Exercise aim
Write out the listing below from the line containing "Túi vải tote" to its last line, unaltered, ends included.

::: Excerpted records

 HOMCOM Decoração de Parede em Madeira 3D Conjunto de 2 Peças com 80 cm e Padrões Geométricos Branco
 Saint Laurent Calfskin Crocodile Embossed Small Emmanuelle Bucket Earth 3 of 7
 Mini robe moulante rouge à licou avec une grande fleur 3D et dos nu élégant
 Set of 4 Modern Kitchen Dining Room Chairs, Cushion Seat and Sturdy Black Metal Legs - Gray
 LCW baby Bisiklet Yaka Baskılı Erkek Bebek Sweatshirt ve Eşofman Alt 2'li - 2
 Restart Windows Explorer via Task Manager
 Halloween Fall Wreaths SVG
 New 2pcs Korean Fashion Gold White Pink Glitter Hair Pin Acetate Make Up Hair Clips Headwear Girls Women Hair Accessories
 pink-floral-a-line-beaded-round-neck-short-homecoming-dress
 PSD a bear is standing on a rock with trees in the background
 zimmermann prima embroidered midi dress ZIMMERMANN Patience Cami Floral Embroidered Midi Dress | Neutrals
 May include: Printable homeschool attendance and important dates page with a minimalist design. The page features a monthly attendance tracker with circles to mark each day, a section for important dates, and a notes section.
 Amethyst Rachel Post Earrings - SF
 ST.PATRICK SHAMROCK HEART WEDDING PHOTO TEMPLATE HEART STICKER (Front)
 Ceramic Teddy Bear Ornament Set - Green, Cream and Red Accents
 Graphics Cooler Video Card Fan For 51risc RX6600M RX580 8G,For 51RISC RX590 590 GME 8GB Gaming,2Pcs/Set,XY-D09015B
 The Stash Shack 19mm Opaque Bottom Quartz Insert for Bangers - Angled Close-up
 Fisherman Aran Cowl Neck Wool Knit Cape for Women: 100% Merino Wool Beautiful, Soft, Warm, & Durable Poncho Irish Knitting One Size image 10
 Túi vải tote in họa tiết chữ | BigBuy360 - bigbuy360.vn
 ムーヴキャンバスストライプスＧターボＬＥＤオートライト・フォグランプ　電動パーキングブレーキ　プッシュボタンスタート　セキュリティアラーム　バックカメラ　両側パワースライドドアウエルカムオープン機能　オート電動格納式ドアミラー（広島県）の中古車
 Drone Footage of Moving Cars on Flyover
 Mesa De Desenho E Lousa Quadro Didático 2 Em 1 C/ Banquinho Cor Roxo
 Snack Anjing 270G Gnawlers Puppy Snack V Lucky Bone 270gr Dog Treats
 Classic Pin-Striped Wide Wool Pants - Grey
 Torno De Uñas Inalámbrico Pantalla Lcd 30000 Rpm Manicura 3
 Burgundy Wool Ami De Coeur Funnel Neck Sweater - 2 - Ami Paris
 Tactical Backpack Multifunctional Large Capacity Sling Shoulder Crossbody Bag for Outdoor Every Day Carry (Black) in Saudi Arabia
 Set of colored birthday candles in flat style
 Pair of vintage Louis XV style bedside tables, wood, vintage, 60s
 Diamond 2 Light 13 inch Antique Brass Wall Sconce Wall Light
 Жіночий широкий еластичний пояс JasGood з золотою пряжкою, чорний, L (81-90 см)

::::::

Exercise response
 Túi vải tote in họa tiết chữ | BigBuy360 - bigbuy360.vn
 ムーヴキャンバスストライプスＧターボＬＥＤオートライト・フォグランプ　電動パーキングブレーキ　プッシュボタンスタート　セキュリティアラーム　バックカメラ　両側パワースライドドアウエルカムオープン機能　オート電動格納式ドアミラー（広島県）の中古車
 Drone Footage of Moving Cars on Flyover
 Mesa De Desenho E Lousa Quadro Didático 2 Em 1 C/ Banquinho Cor Roxo
 Snack Anjing 270G Gnawlers Puppy Snack V Lucky Bone 270gr Dog Treats
 Classic Pin-Striped Wide Wool Pants - Grey
 Torno De Uñas Inalámbrico Pantalla Lcd 30000 Rpm Manicura 3
 Burgundy Wool Ami De Coeur Funnel Neck Sweater - 2 - Ami Paris
 Tactical Backpack Multifunctional Large Capacity Sling Shoulder Crossbody Bag for Outdoor Every Day Carry (Black) in Saudi Arabia
 Set of colored birthday candles in flat style
 Pair of vintage Louis XV style bedside tables, wood, vintage, 60s
 Diamond 2 Light 13 inch Antique Brass Wall Sconce Wall Light
 Жіночий широкий еластичний пояс JasGood з золотою пряжкою, чорний, L (81-90 см)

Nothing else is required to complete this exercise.